Only for a while. The more global warming advances, the more mosquitos America will have.
And also nasty ticks. Nasty ticks spreading everywhere with their icky tick diseases.
hickory
How do you know how people live in a ‘state of nature’? Have you studied such groups to learn how they resolve conflicts and hold people accountable for inappropriate behavior?
It turns out humans have a lot more ways to resolve disputes and conflicts than endless violence. But it takes actually investigating to learn about them. Historical England and Rome were cultures where a few people ruled over everyone else, so of course it was extremely difficult to resolve conflicts in a satisfying way. If you want to study the ‘state of nature’, go look at how people live in healthy cultures that maintain a baseline of respect as a normal way of life. These are explored in detail in my book One Disease One Cure at 1disease-1cure.com/
A few thousand years ago, every human alive lived in a healthy culture that maintained respectful relations internally as a normal way of life. Some people still live like that today, and I know because I’ve spent time with one such group in South America. Many humans lived in healthy societies up until the past 1-2 centuries. If you want to know how how humans can live in a good way, I encourage you to study how people live in societies without rulers. And these are not just small bands; many are nations or confederacies that do or did span thousands of square miles and had sizable populations and military capability.

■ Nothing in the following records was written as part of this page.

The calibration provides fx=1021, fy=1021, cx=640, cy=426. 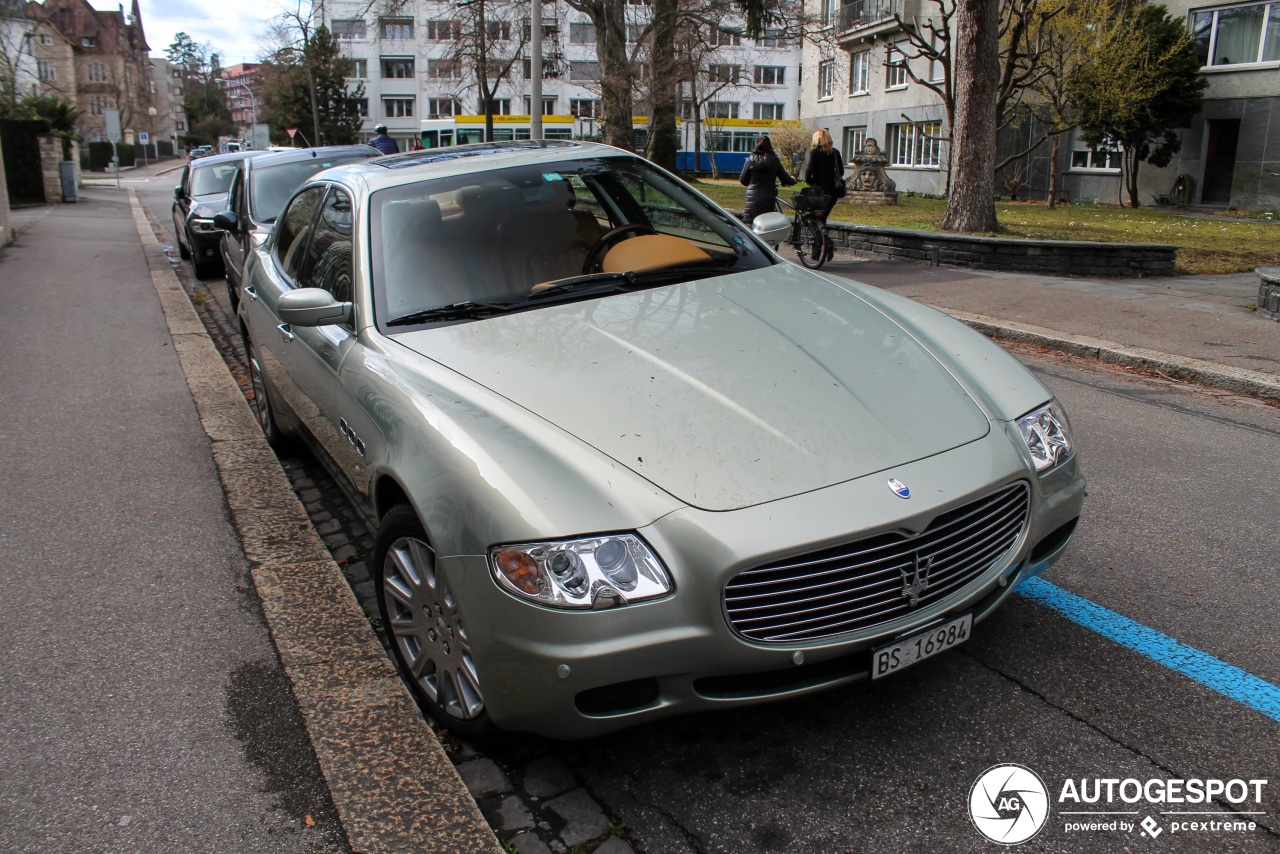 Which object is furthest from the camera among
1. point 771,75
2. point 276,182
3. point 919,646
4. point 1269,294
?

Most people have only ever heard of societies with rulers (authoritarian democracies, monarchies, religious dictatorships, empires, you name it) because abusive rulers don’t want people to know it’s possible to live without rulers. For millennia, authorities have also encouraged all kinds of assumptions about how people live in a ‘state of nature’ (ie in societies without rulers, where people live respectfully together) so people won’t be tempted to run away or question the rulers’ legitimacy. The free book One Disease One Cure documents the millennia of propaganda that Christians, Muslims, and other have used to trick their conquered people so they wouldn’t recognize free societies for what they are – nations without rulers, where people maintain a baseline of mutual respect among everyone and deep solidarity as a normal way of life. And they have many ways of resolving and preventing conflict that will warm your heart, I promise.